Le nouveau Code forestier de 2002 pose les bases d’une gestion équitable dans une perspective d’aménagement durable. Les surfaces destinées à la conservation de la biodiversité devraient être portées à 15 % du territoire national. Une révision des concessions forestières attribuées de façon anarchique avant et pendant la guerre a commencé à assainir le secteur forestier. Mais, comme le souligne une étude récente « le redémarrage de multiples secteurs de l’économie, la croissance démographique et l’absence d’un processus structuré d’aménagement du territoire créent le risque que des usages incompatibles se superposent géographiquement, entrent en conflit les uns avec les autres, et mettent en danger les droits d’usage traditionnels et l’environnement » [4]. Ces préoccupations illustrent on ne peut mieux le lien entre exploitation des ressources naturelles et gestion du territoire. Les infrastructures de transport, par exemple, facilitent aussi bien des entreprises illicites que licites : en milieu forestier l’ouverture d’une route provoque bien souvent une recrudescence du braconnage.

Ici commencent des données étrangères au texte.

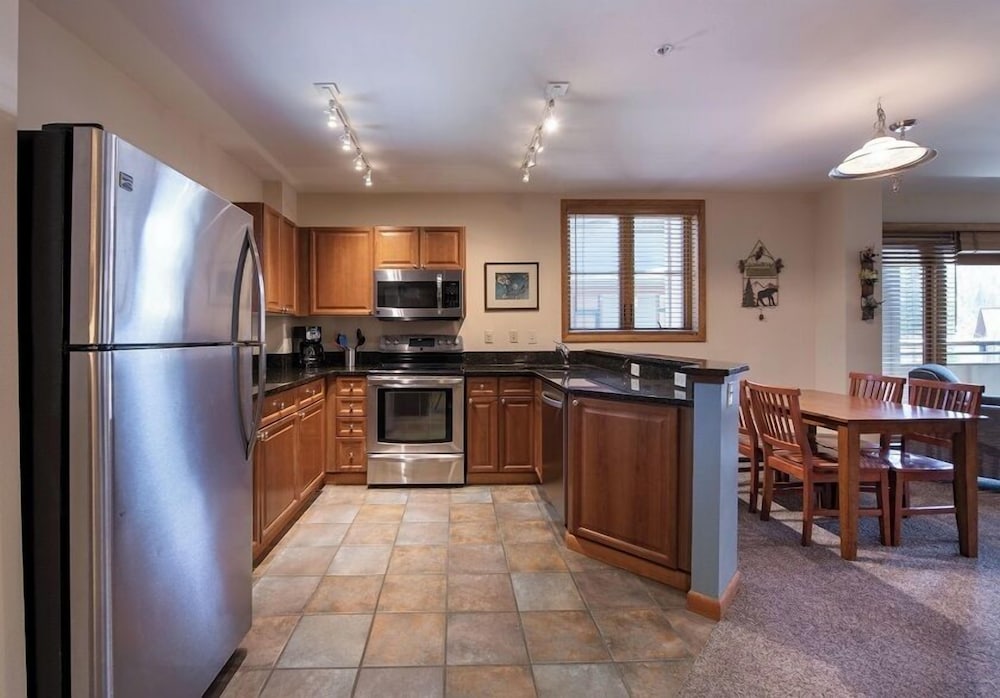 Zephyr Mountain Lodge Condos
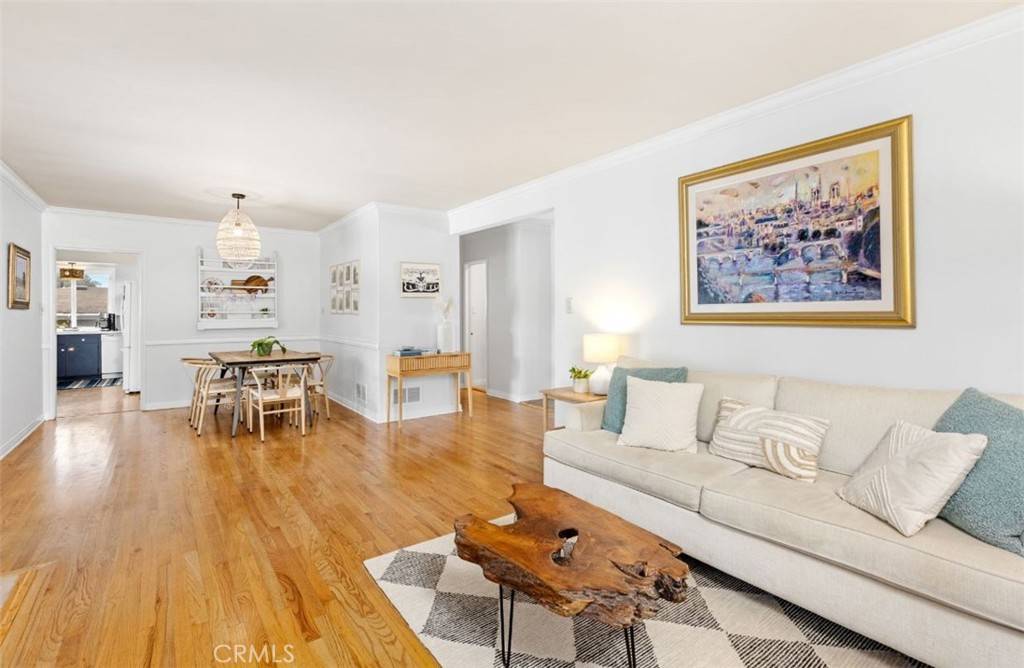 Redondo Beach, CA 90277,322 Calle De Arboles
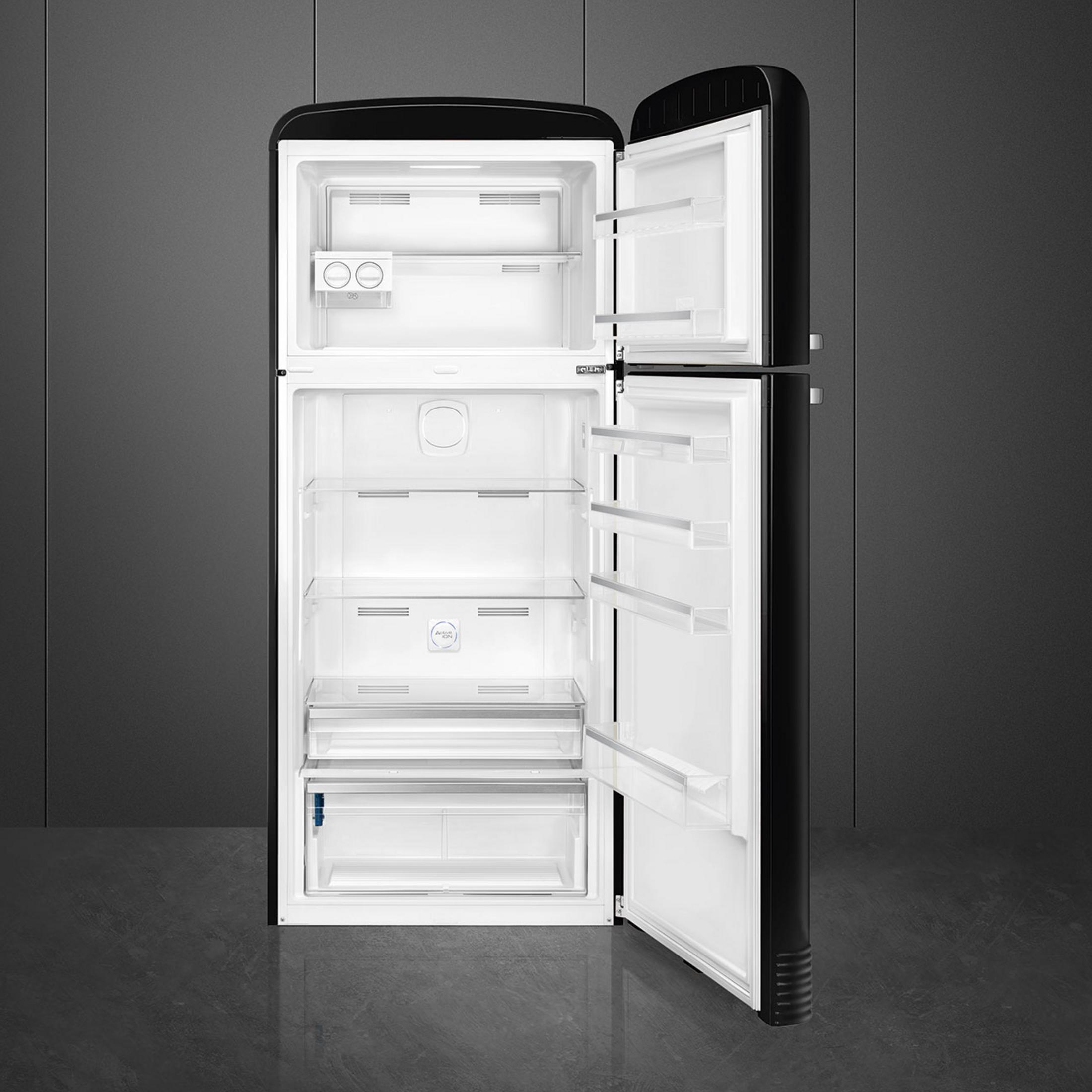Un refrigerador negro abierto con estantes y cajones blancos.
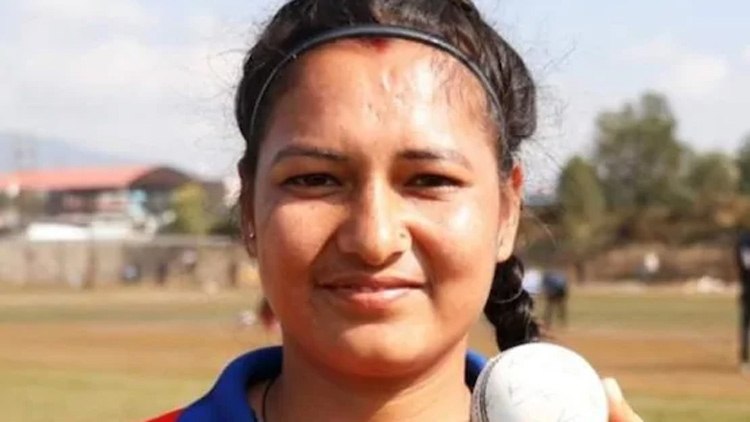 റണ്ണൊന്നും നൽകാ​െത ആറ്​ വിക്കറ്റ്​; ചരിത്രമെഴുതി അഞ്​ജലി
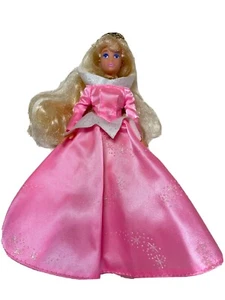 Mattel Disney Musical Prinzessin Aurora Dornröschen - Bild 1 von 4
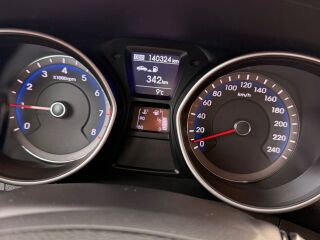Hyundai i30 1.6 99kW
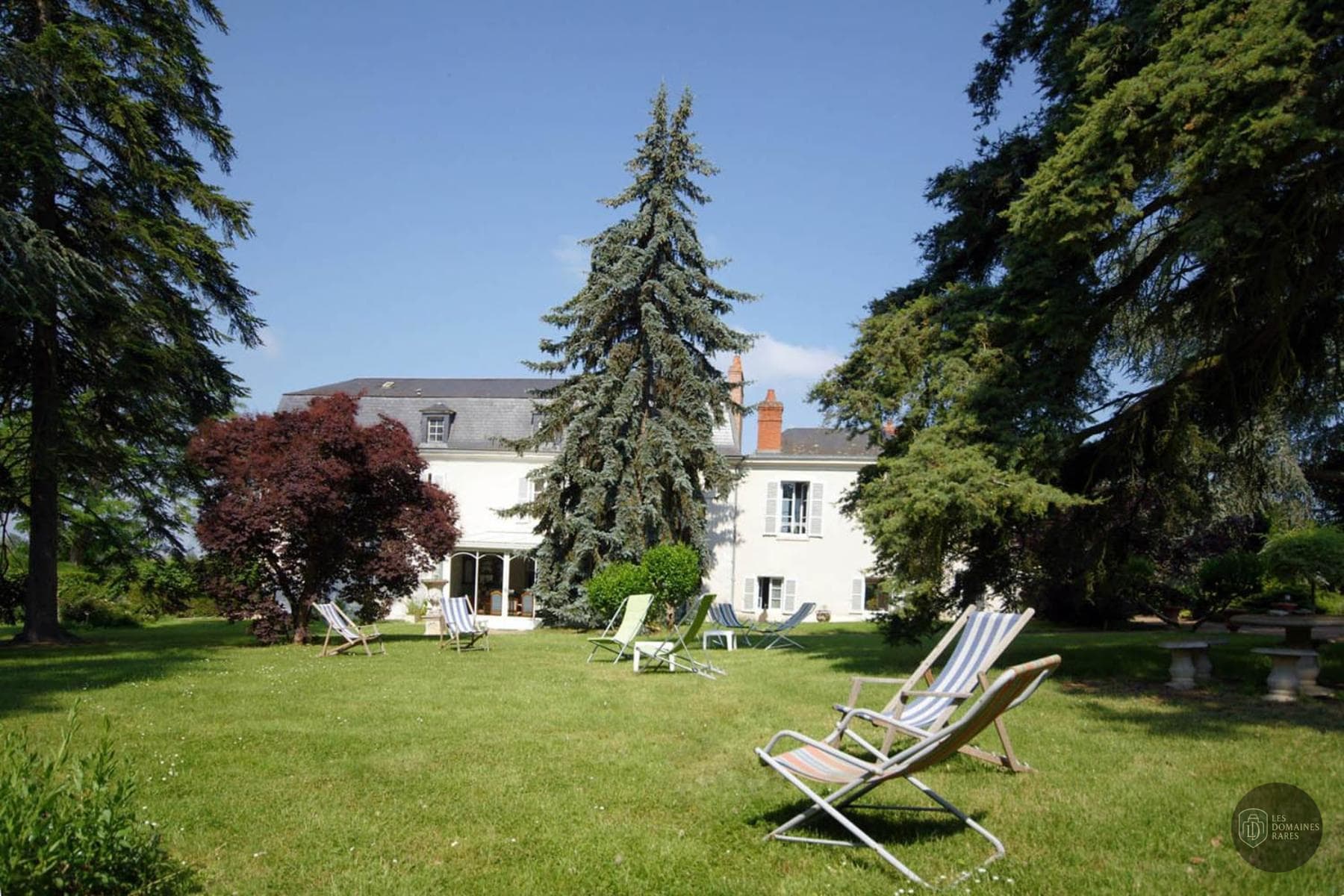Vue extérieure du domaine Domaine de la Thiau à Briare en Centre-Val de Loire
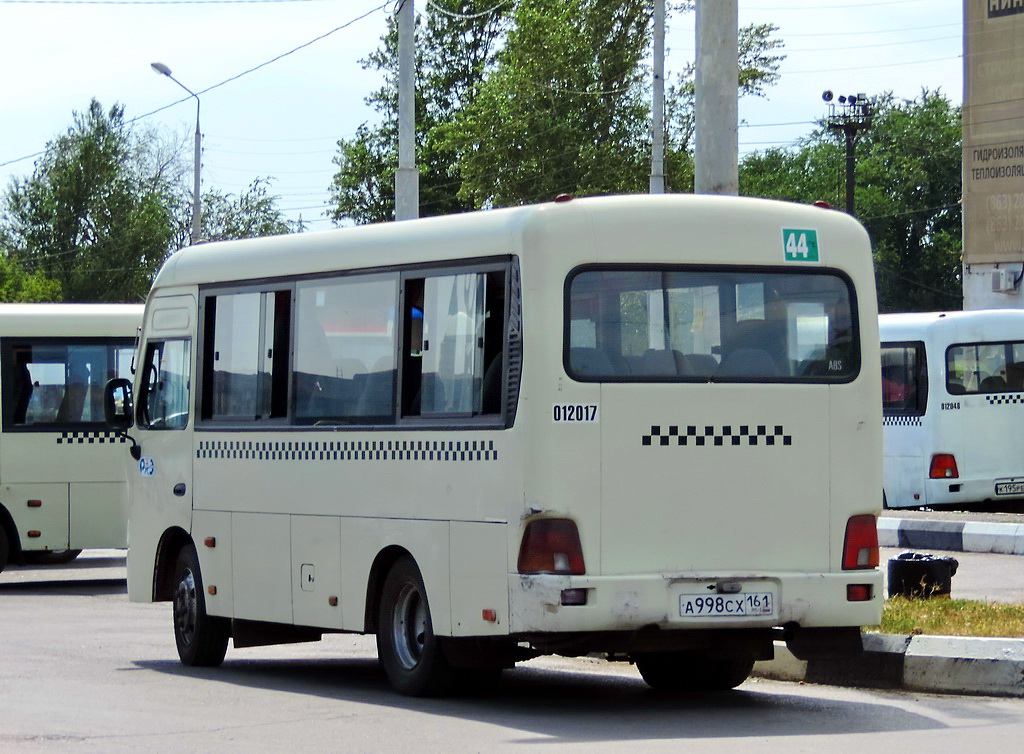 35 автобус ростов на дону маршрут. Hyundai County КАВЗ 7240. Автобус 44. 44 Автобус Ростов-на-Дону. Хендэ Каунти ЛУАЗ.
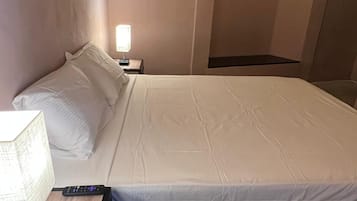 Habitación básica doble, 1 cama Queen size | Wifi gratis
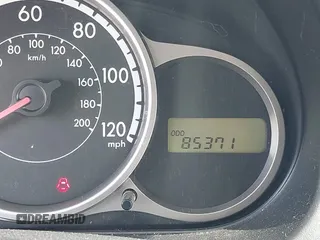 2012 Mazda 2 Sport z VIN JM1DE1KY5C0149990, wystawiony jako IAAI lot #42177069 z przebiegiem 85 371 mil mil oraz . Historia ofert i sprzedaży dostępna na DreamBid. Obrazek 15.
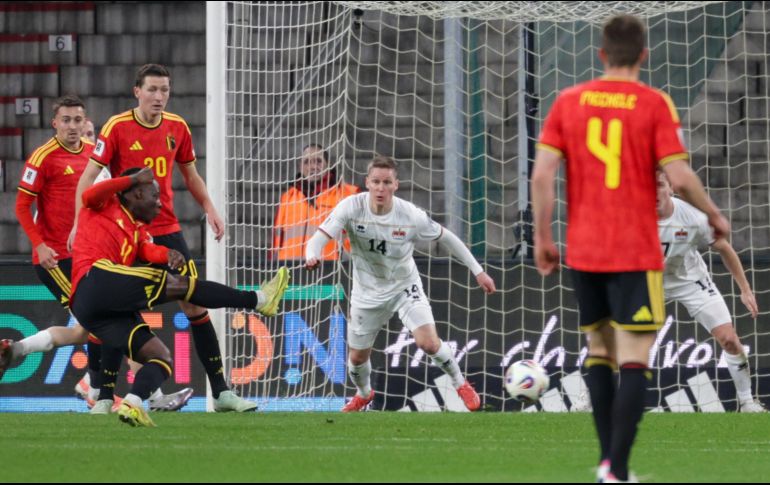 Jérémy Doku marcó un doblete para la goleada del conjunto belga. EFE/O. Matthys
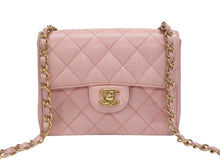画像をギャラリービューアに読み込む, 極美品 CHANEL シャネル ミニマトラッセ チェーンショルダーバッグ ココマーク 7番台 キャビアスキン ピンク ゴールド金具 中古 4b007196
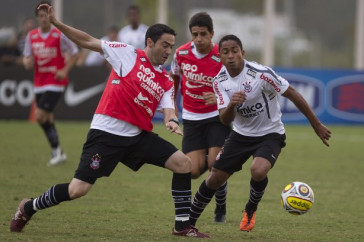 Chic�o; Moradei e Jorge Henrique durante o treino do Corinthians realizado esta tarde no CT Joaquim Grava, no Parque Ecol�gico do Tiete. O time se prepara para o jogo contra o Santos, domingo a tarde, dia 15/05, na Vila Belmiro, em Santos, decis�o do Campeonato Paulista 2011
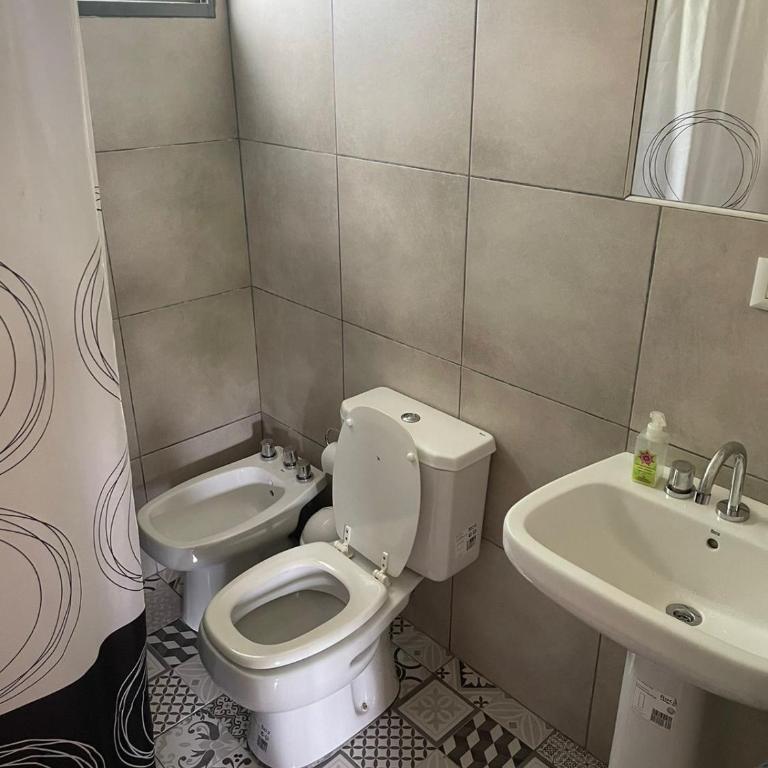 Hermosa Casa con Pileta Compartida a Dos Cuadras del Río - Casa de 3 dormitorios - 10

Exploitation minière et aménagement du territoire
Depuis les débuts de l’exploitation du cuivre à Lubumbashi en 1910, l’économie congolaise est dominée par l’activité minière, l’abondance et la diversité des ressources du sous-sol continuant à étayer l’image du « scandale géologique ». Le vrai scandale réside cependant dans la pauvreté persistante sinon aggravée de la majorité des Congolais : l’indicateur de développement humain du PNUD classe la RDC au 168e rang sur 177 pays en 2005 [5].
Les activités extractives, par les ressources fiscales qu’elles génèrent, occupent une position centrale dans la mise en œuvre de la décentralisation. Elles concernent aussi directement l’aménagement du territoire puisque la production, entièrement destinée à l’exportation, est tributaire de l’offre de transport. Celle-ci varie selon la nature du produit. Les produits à haute valeur spécifique (diamant, or) supportent le coût du transport aérien. Les groupes internationaux comme De Beers ont toujours trouvé des relais locaux pour l’expédition des diamants dont Mbuji Mayi est une plaque tournante. Quant au coltan (colombo-tantalite) du Kivu, des avions petits porteurs suffisent pour le faire transiter par le Rwanda. Tout cela ne représente en réalité que des activités enclavées sans effets sur les aménagements locaux.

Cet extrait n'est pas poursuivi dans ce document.